Walki rodzin i ślub zakochanych. Nigdy nie lubiłam czytać Szekspira, a teraz pierwszy raz widzę jego sztukę wystawianą w teatrze. Na żywo. Teraz rozumiem tą historię.
Śpiew. To jest coś pięknego. Słyszałam jak Maja śpiewała na próbach, ale dziś przeszła samą siebie.
Zakończył się pierwszy akt. Otworzyłam drzwi i ludzie zaczęli wychodzić z sali, niektórzy zostali.
Po tym znów zaczął się kolejny.
Gdy już cały spektakl dobiegł końca większość ludzi na widowni płakała. Ja nie wiedziałam co ze sobą zrobić. Miałam tyle emocji w sobie.
Szybko się ogarnęłam i znów otworzyłam drzwi. Ludzie wyszli.

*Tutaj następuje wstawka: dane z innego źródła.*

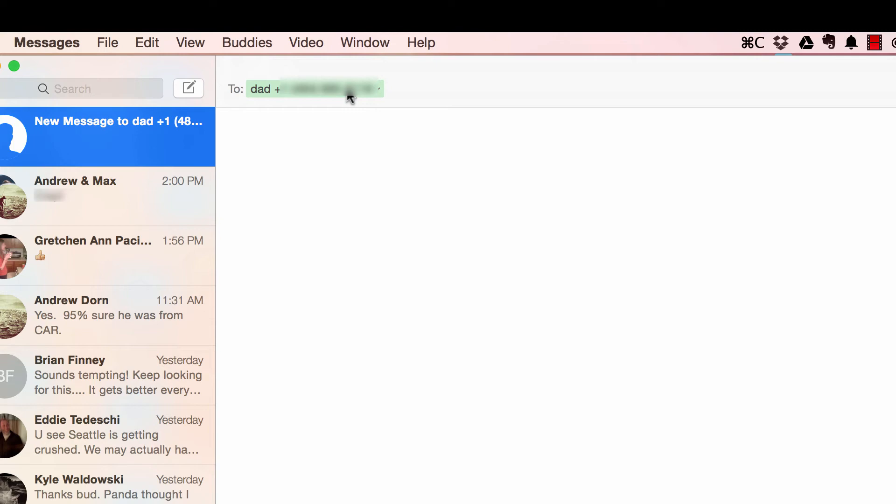So that's the texting feature. Pretty self-explanatory. The texts go back and forth from the mobile device to the desktop.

Poszłam do garderoby pogratulować wszystkim.
Każdy był zadowolony.
Wróciłam do domu. Myślałam dużo o tym wszystkim. Jakoś podświadomie moje nogi same poszły do parku. Była już późna pora. Na polu już praktycznie nic nie było by widać gdyby nie lampy. Poprawiłam szalik, który miałam na szyi.
Postanowiłam jednak wrócić szybciej do domu, bo robiło się coraz zimniej.
- Ehh - Westchnęłam do siebie.
Zaszłam do mieszkania otworzyłam drzwi i popchnęłam żeby zamknąć. Nie męczyłam się z kluczem.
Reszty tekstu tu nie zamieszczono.